Exercise prompt | Copy nothing but the text: repeat each entry exactly and drop the images.

Listed records |

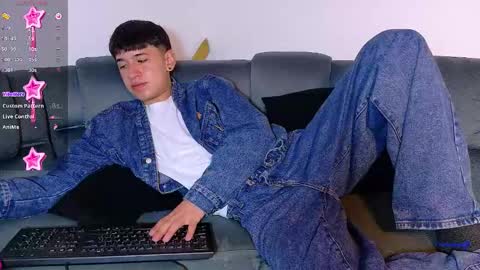 Mr Daren online show from November 24, 7:23 pm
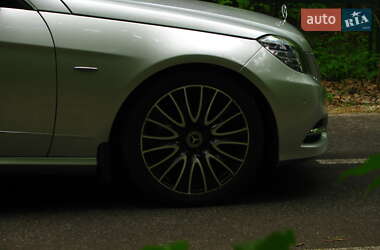 Седан Mercedes-Benz E-Class 2011 в 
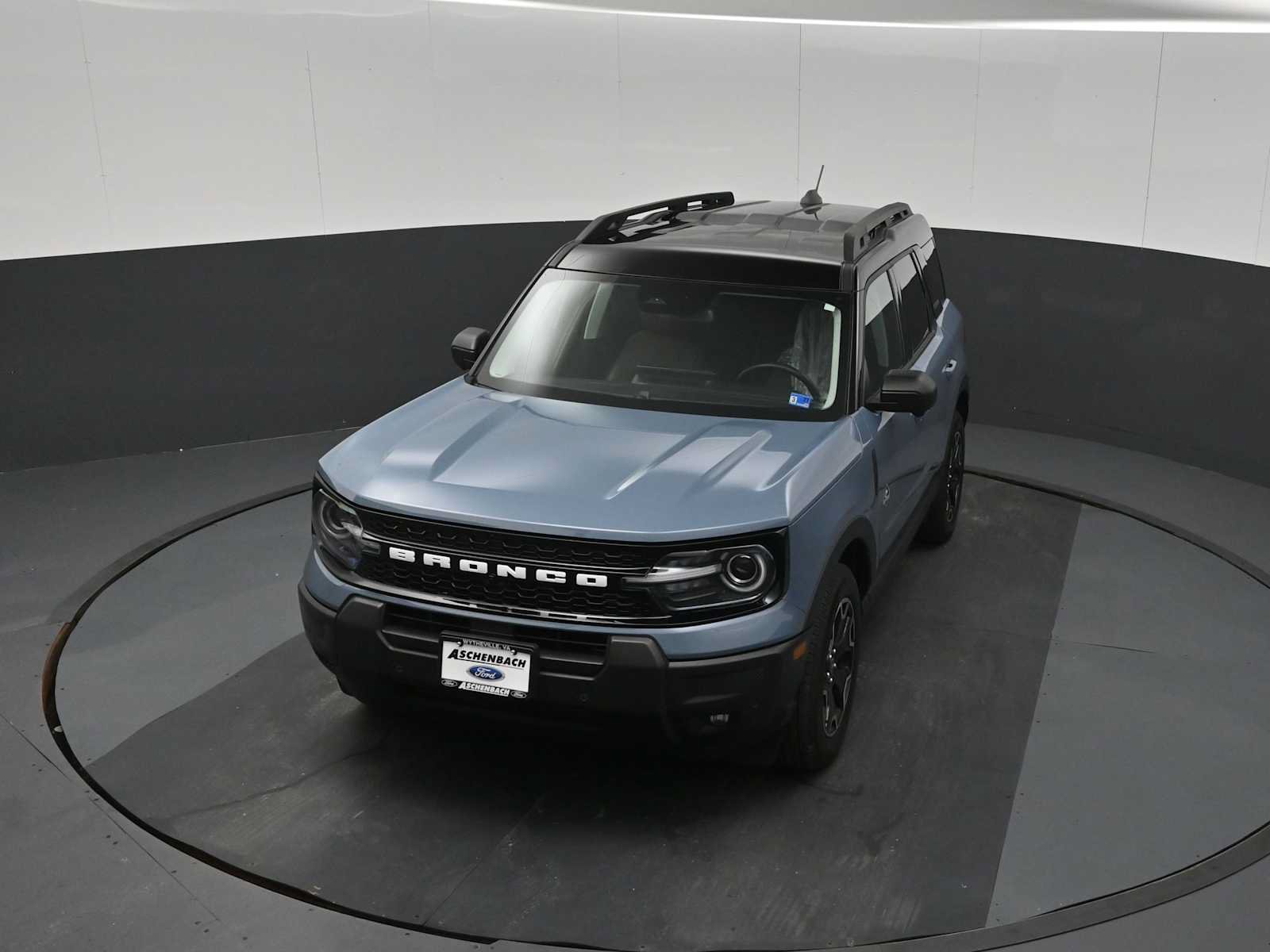 Certified 2025 Ford Bronco Sport Outer Banks w/ Outer Banks Tech Package+ AWD/4WD image 12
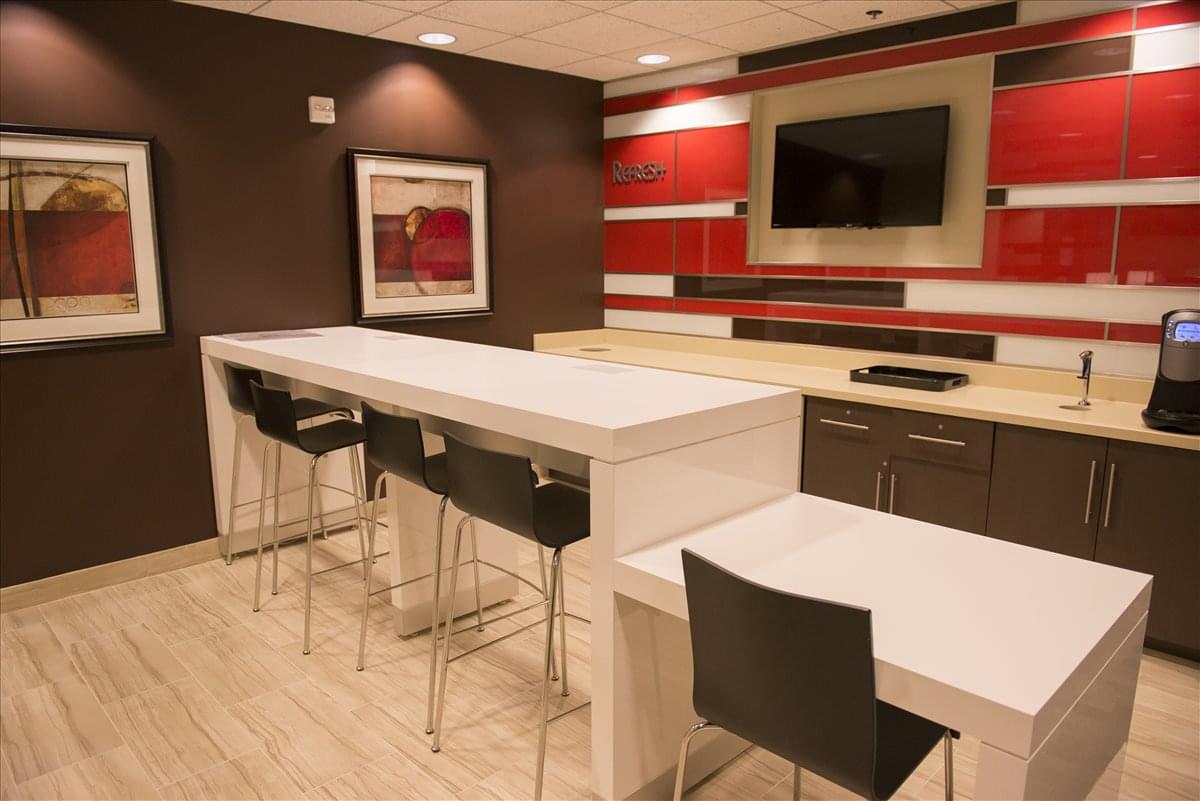 Four Tower Bridge, 200 Barr Harbor Dr Office Space - West Conshohocken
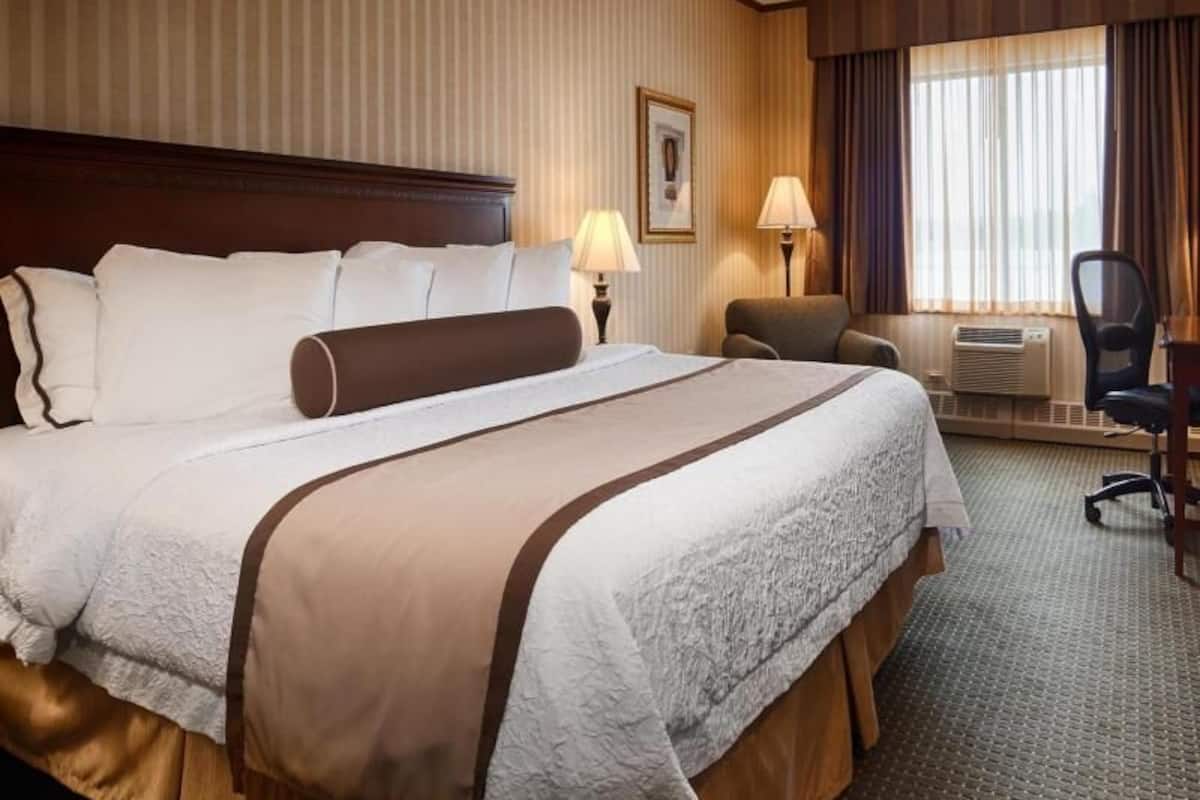 Pillow-top beds, in-room safe, desk, blackout curtains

Expected answer |
 Mr Daren online show from November 24, 7:23 pm
 Седан Mercedes-Benz E-Class 2011 в 
 Certified 2025 Ford Bronco Sport Outer Banks w/ Outer Banks Tech Package+ AWD/4WD image 12
 Four Tower Bridge, 200 Barr Harbor Dr Office Space - West Conshohocken
 Pillow-top beds, in-room safe, desk, blackout curtains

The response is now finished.